Dataset items
⟨
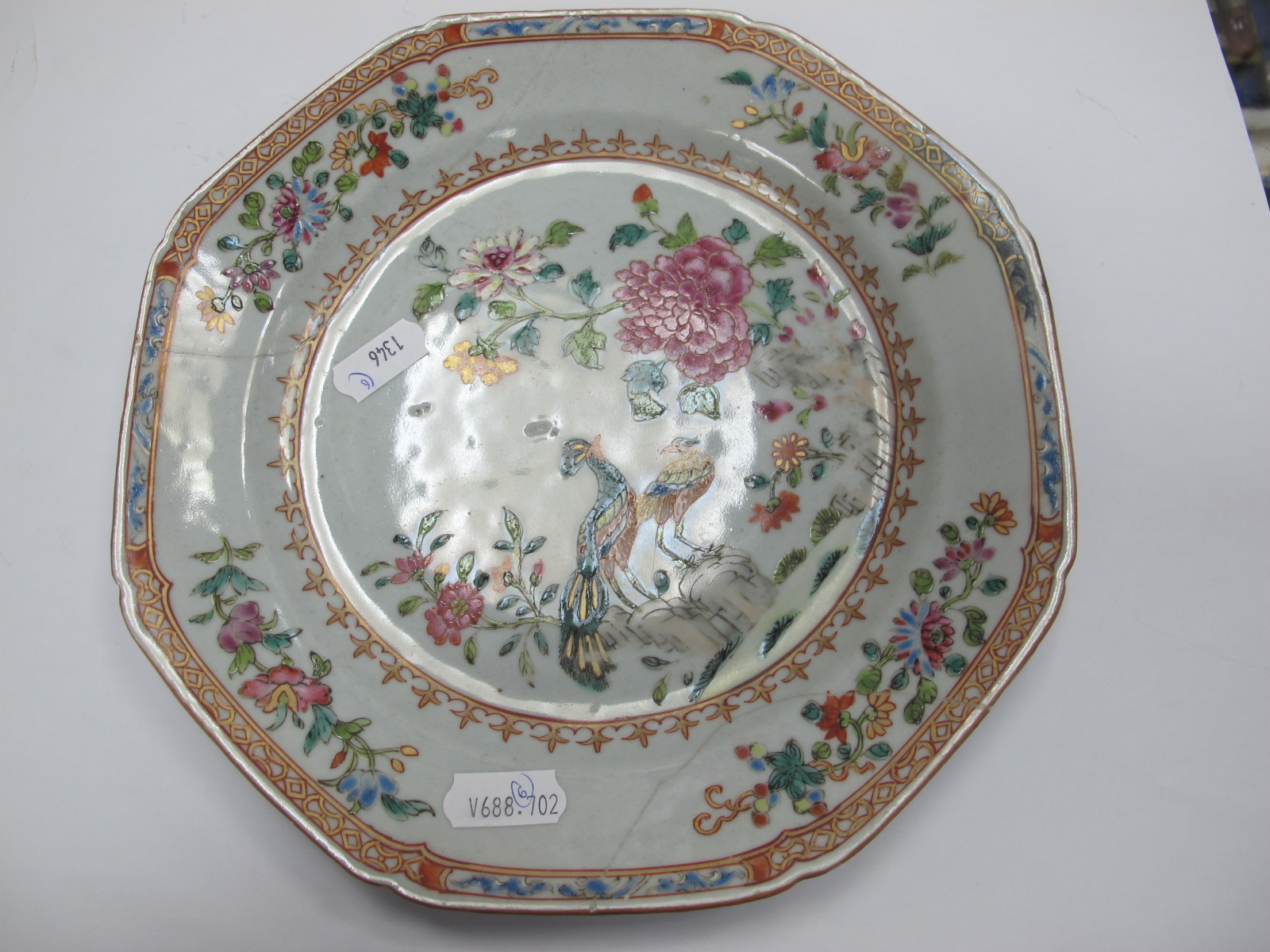 Oriental - Six XIX Century hand painted plates, two octagonal and four circular featuring foliage, - Image 4 of 14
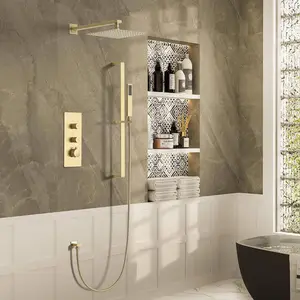 CASAINC Thermostatic Shower System 10 Inch Brushed Gold Rainfall Shower Head with Handheld Wall Mounted Shower Kit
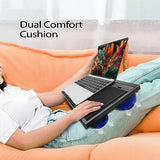 Laptop Lap Desk with Cushion - 9 Adjustable Angles, Fits Up to 15.6 inch Laptops, Built-in Mouse Pad, Phone and Pen Slots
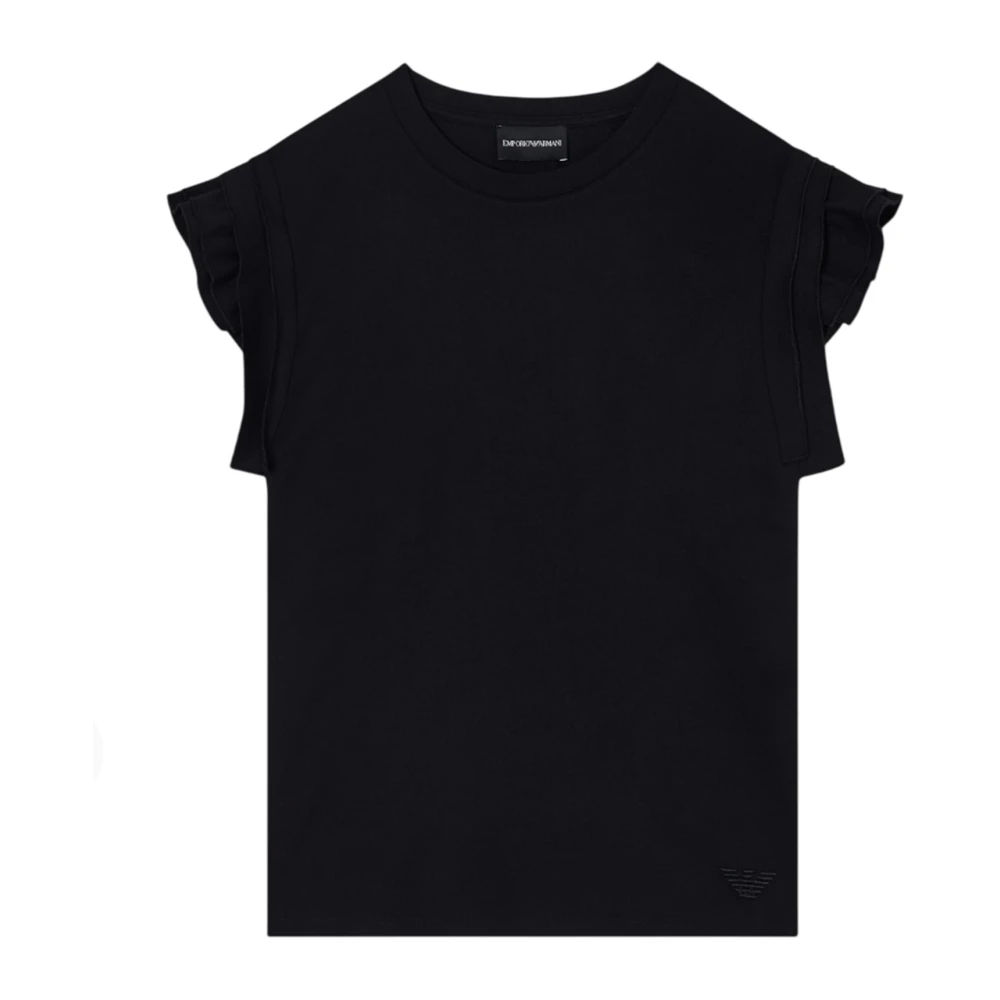 Emporio Armani Damen Schwarz - Jersey Rundhals Kurzarm Volant An Armausschnitt - Tops - K - L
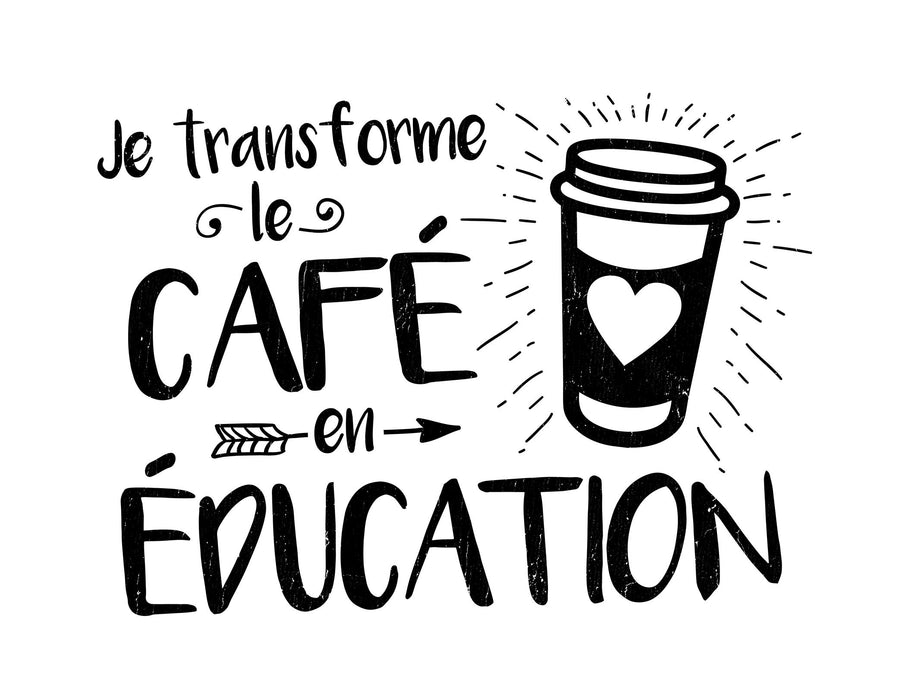 Je Transforme le Café en Éducation - T-Shirt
⟩
What you are asked to do:
Write out the lines that run from the line containing "Laptop Lap Desk" to the end of the entries, inclusive, exactly as written. Skip every picture.

Task result:
 Laptop Lap Desk with Cushion - 9 Adjustable Angles, Fits Up to 15.6 inch Laptops, Built-in Mouse Pad, Phone and Pen Slots
 Emporio Armani Damen Schwarz - Jersey Rundhals Kurzarm Volant An Armausschnitt - Tops - K - L
 Je Transforme le Café en Éducation - T-Shirt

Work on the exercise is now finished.